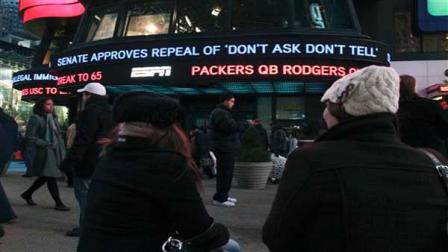 Cassandra Melnikow, foreground left, and her sister Victoria Melnikow, right, sit in New Yorks Times Square as news of the Senate approving the repeal of Dont Ask Dont Tell is displayed outside ABC Televisions Times Square studios Saturday Dec. 18, 2010. (AP Photo/Tina Fineberg)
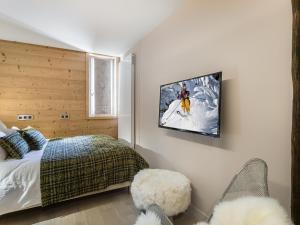 Кровать или кровати в номере Appartement Megève, 3 pièces, 5 personnes - FR-1-453-81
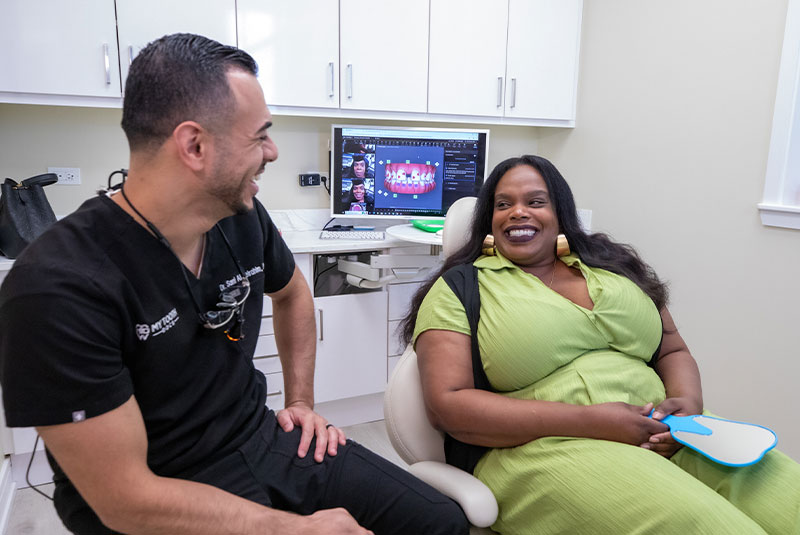 patient with dentist smiling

·····

Aim of the task :: The listing above is to be set down word for word, without its images.

Answer section ::
 Cassandra Melnikow, foreground left, and her sister Victoria Melnikow, right, sit in New Yorks Times Square as news of the Senate approving the repeal of Dont Ask Dont Tell is displayed outside ABC Televisions Times Square studios Saturday Dec. 18, 2010. (AP Photo/Tina Fineberg)
 Кровать или кровати в номере Appartement Megève, 3 pièces, 5 personnes - FR-1-453-81
 patient with dentist smiling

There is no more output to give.